Author Topic: Blog suggestion: bench multimeters  (Read 9064 times)

0 Members and 1 Guest are viewing this topic.

Offline toddisbn

  • Newbie
  • Posts: 3
Blog suggestion: bench multimeters
« on: March 12, 2012, 12:18:04 am »
Review opportunity.

I am looking at purchasing a bench multimeter.
After watching a number of your product reviews, I have wondered whether bench multimeter would actually be a cheaper option.
My reasoning for this is the basic premise that you need two multimeters to measure power consumption and both the Agilent and Fluke bench multimeters have dual display capability.

Now before people jump in and say that bench multimeters don't have things like capacitance meters, or whatever, I will point out that I don't think I have seen a review of Dave's where he is impressed with the performance of inbuilt secondary functions of multimeters compared to dedicated units like LCR meters

The other area people my jump up and down is the cost factor, however, the cost of one bench meter is basically double the cost of two hand held units (think fluke 87v), and remember that a bench multimeter takes the place of two due to the dual display functionality. Secondly don't assume that I am totally against handhelds, as this unit would be only for the bench and I have a fluke 112 which I currently use, it is great for working away from the bench.

Now for my biggest reasonings behind a bench multimeter.
Crisp VFD or LCD display, when working on a bench, I don't want to have to keep hitting backlit to get a visible display
Fast update speeds
Minimum 4.5 digit display small cost to move to 5.5 digit.
4wire resistance
No more freaking batteries to go flat when I really don't need them to
More compact on the bench, and no worrying about getting the display at the correct angle.
 

alm

  • Guest
Re: Blog suggestion: bench multimeters
« Reply #1 on: March 12, 2012, 01:18:53 am »
I agree with some of your points, like display, update rate, batteries and form factor. I'm not sure if I agree that one dual display removes the need for multiple meters, although I guess you would have the small Fluke 112 as backup. I disagree about the costs, at least when buying new. The lowest Fluke/Agilent DMMs that I would personally consider are $800, that's more than I'd spend on two handhelds. Not much point in buying two 87V meters in my opinion, I would choose the second meter to have other strengths, for example a cheaper Agilent meter with more features but less battery life/robustness. Bench meters (you would need two) are cheaper than handhelds when you buy used, however. It's not too hard to find a used bench meter on eBay for < $100. The older 3.5-4.5 digit ones for even less. A used Fluke 87 or similar usually costs more.

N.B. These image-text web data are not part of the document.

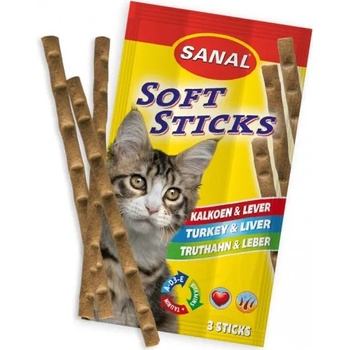 Sanal Softsticks SANAL Cat Turkey & Liver- меки пръчици с пуйка и черен дроб, 3 бр, Холандия SC3840
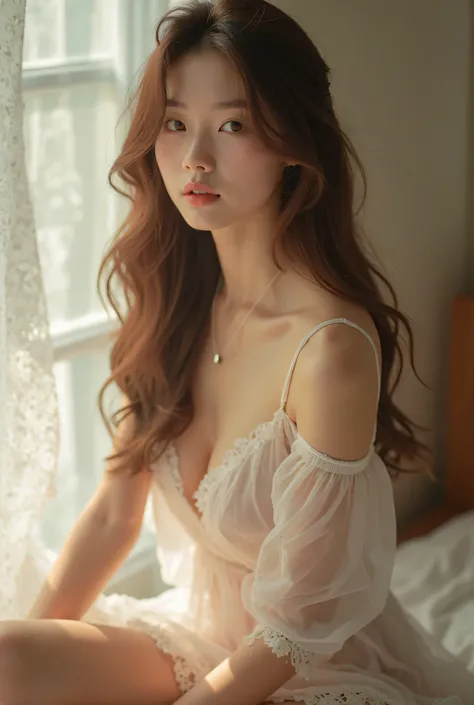  photo captures sexy white korean girl,  long brown hair , quiet,   summer ,   wearing a necklace,  partially undressed  , translucent , ชุดนอนลายตารางtranslucent,  White legs, ,    beautiful big boobs  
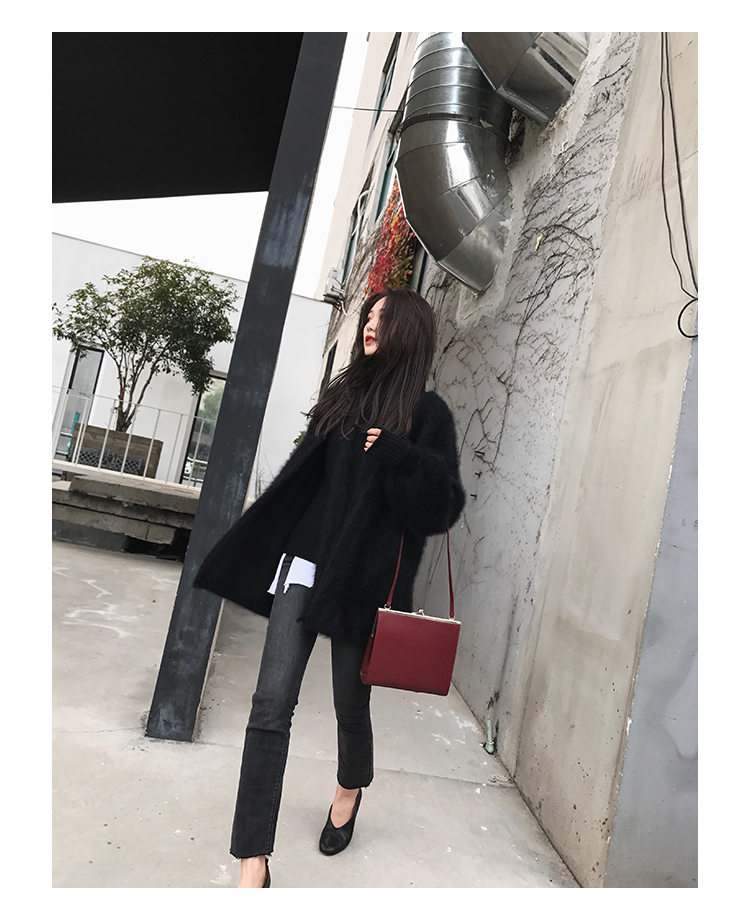 Áo khoác bờm nữ dày mùa thu đông 2018 phiên bản Hàn Quốc mới của phần dài lỏng lẻo của thắt lưng dài tay áo len phổ biến áo khoác da nữ xịn hàn quốc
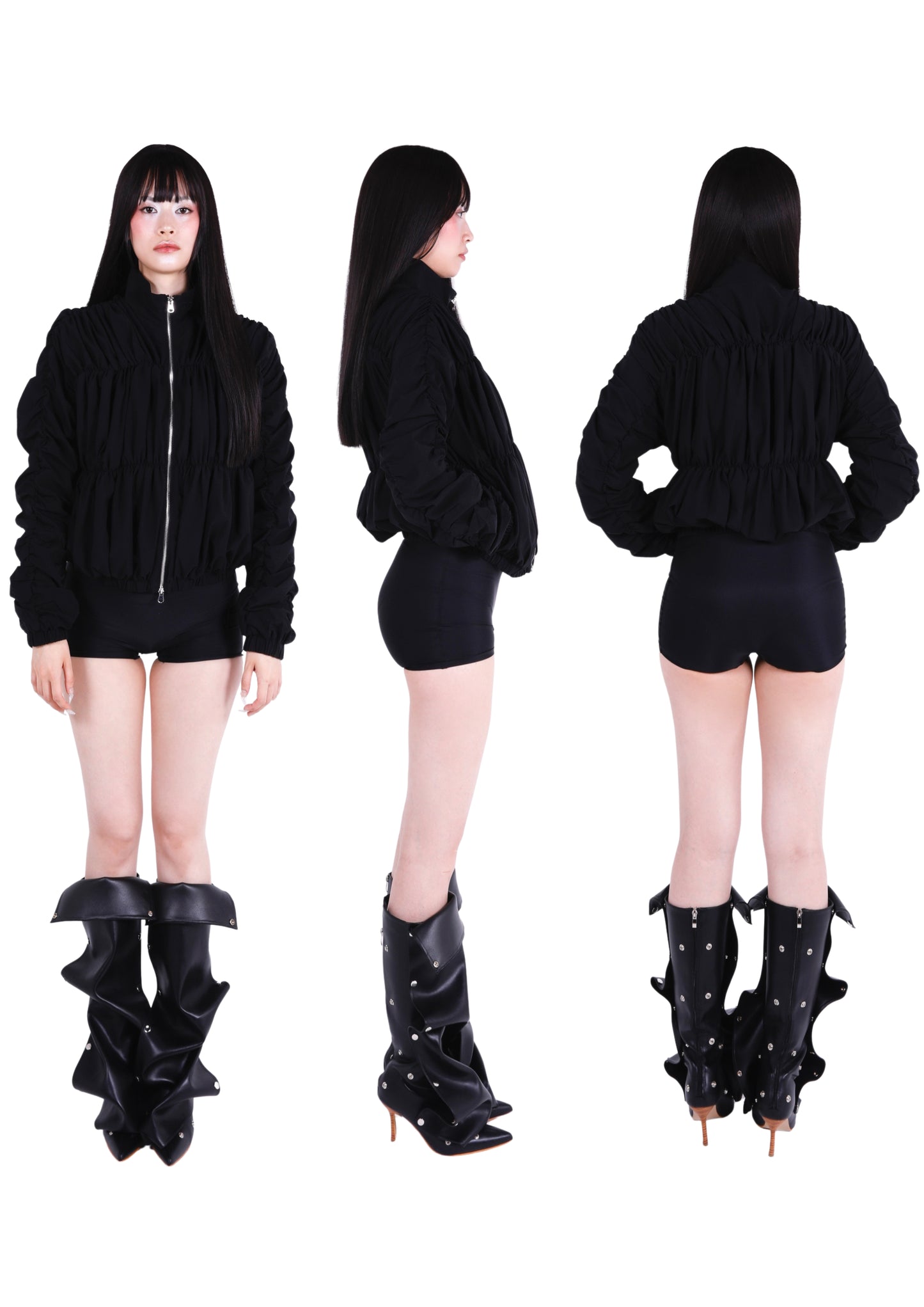 Ives Nylon Ruched Bomber Jacket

Don't expect Dave to agree with you, however, he clearly prefers handhelds. How much screen time has his HP 3478A gotten compared to the Gossen, Fluke and Agilent handhelds? Even when measuring the resistors, where the extra resolution and automation features of the 3478A would have been useful, he still couldn't be bothered to hook up GPIB but used an Agilent handheld with its flawless datalogging feature.
 

Offline robrenz

  • Super Contributor
  • ***
  • Posts: 3035
  • Country: us
  • Real Machinist, Wannabe EE
Re: Blog suggestion: bench multimeters
« Reply #2 on: March 12, 2012, 01:22:50 am »
My reasoning for this is the basic premise that you need two multimeters to measure power consumption and both the Agilent and Fluke bench multimeters have dual display capability.

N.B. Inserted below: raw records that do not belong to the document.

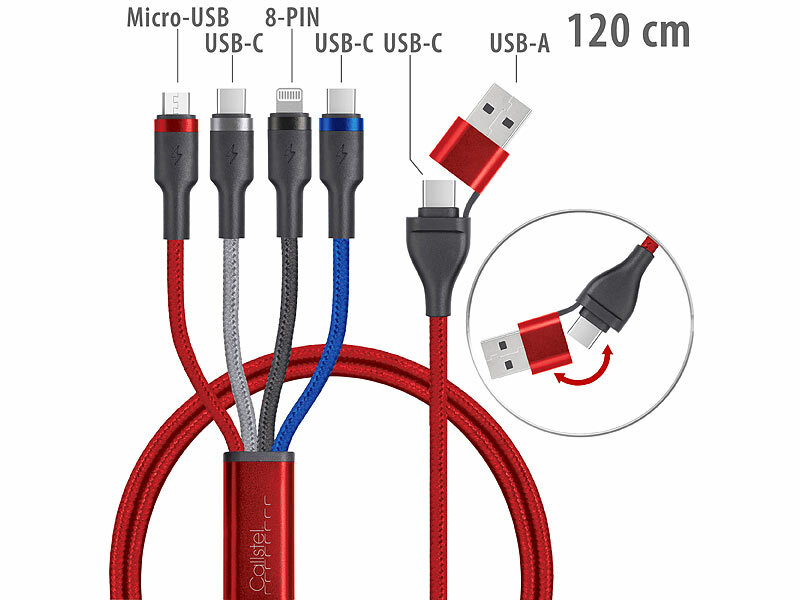 Callstel 8in1-Lade-/Datenkabel USB-C/A zu USB-C/Micro-USB/Lightning 60 Watt, www.pearl.de (Die Bildrechte liegen bei dem Verfasser der Mitteilung.) Callstel 8in1-Lade-/Datenkabel USB-C/A zu USB-C/Micro-USB/Lightning 60 Watt, www.pearl.de (Die Bildrechte liegen bei dem Verfasser der Mitteilung.)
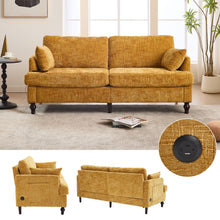 Load image into Gallery viewer, Chenille 2 Seater Sofa With LED Light, USB Charging Port, And Storage Bag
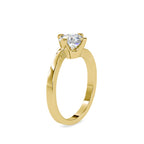 SKU: 0144 (18K) Four-Prong Solitaire Engagment Ring in Rose Gold.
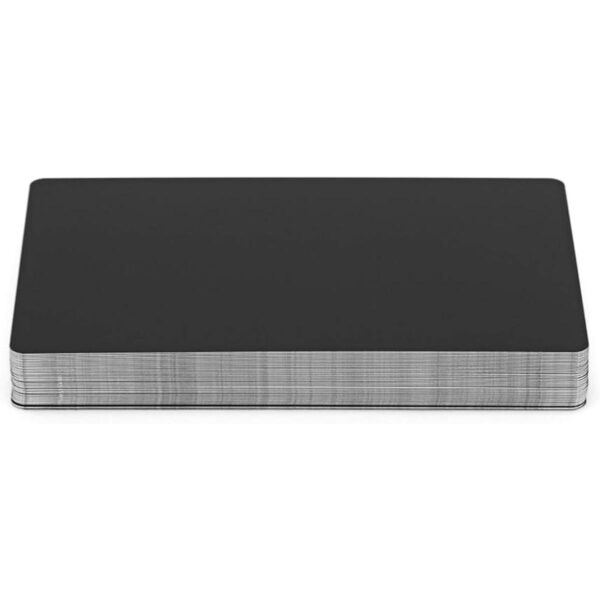 Bastex Paquete de 60 tarjetas de metal negro en blanco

The other area people my jump up and down is the cost factor, however, the cost of one bench meter is basically double the cost of two hand held units (think fluke 87v), and remember that a bench multimeter takes the place of two due to the dual display functionality. Secondly don't assume that I am totally against handhelds, as this unit would be only for the bench and I have a fluke 112 which I currently use, it is great for working away from the bench.


I have a Fluke 8846A and I love it and highly reccomend it, but you have a misconception about dual display. You can't measure power and it is not like having two meters. I suggest you do what I did before I bought a meter. Download the full manuals of all meters you are considering and read them cover to cover until you could use every function on the meter if it was in front of you. Then you can make an educated decision on what meter is for you.

Offline EEVblog

  • Administrator
  • *****
  • Posts: 31522
  • Country: au
    • EEVblog
Re: Blog suggestion: bench multimeters
« Reply #3 on: March 12, 2012, 01:45:13 am »
Several comments:
- Dual display capability does not mean it can measure voltage and current at the same time, very few meters of any type can do that. Even the Gossen that does that has limitation of a sared common terminal. Two meters is vastly more versatile.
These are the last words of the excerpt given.